### Task item
At the line containing "Poster to the", begin an exact copy, and continue through the last line of the entries below. Leave out any pictures.

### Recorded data
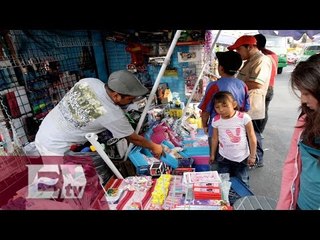 El robo de juguetes se incrementa en Día de Reyes / Ingrid Barrera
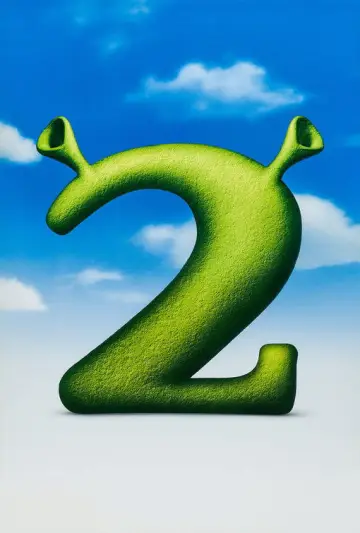 Poster to the movie "Shrek 2" #585286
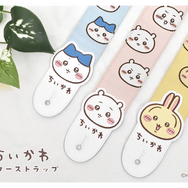 「ちいかわギターストラップ」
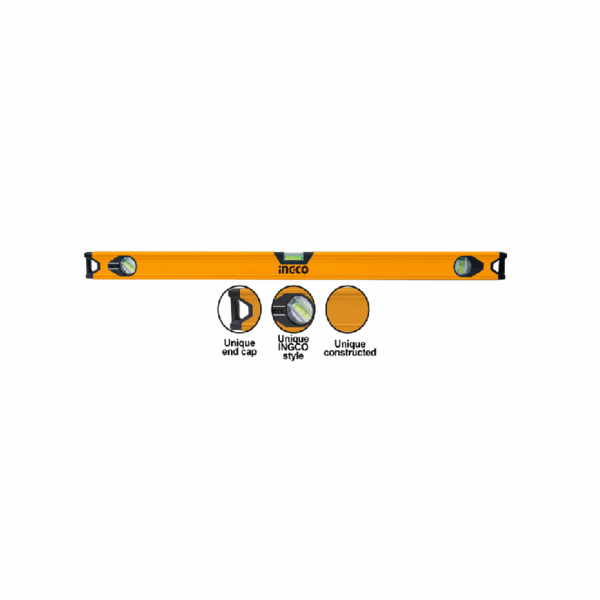 Ingco Spirit Level 60Cm Hsl18060
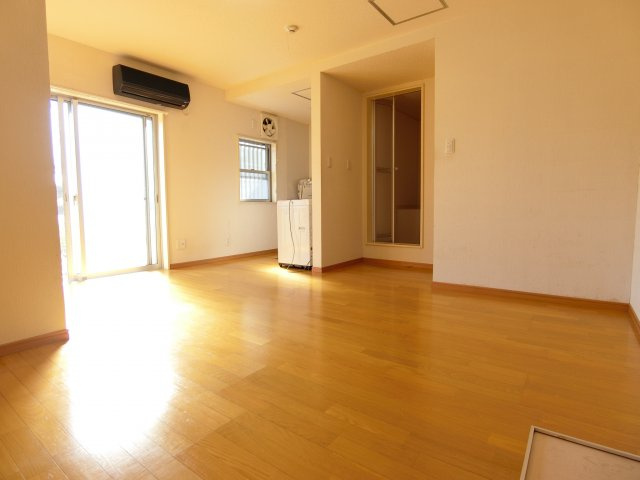 エルヴェウエダの居間・リビング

### Solution to the exercise
 Poster to the movie "Shrek 2" #585286
 「ちいかわギターストラップ」
 Ingco Spirit Level 60Cm Hsl18060
 エルヴェウエダの居間・リビング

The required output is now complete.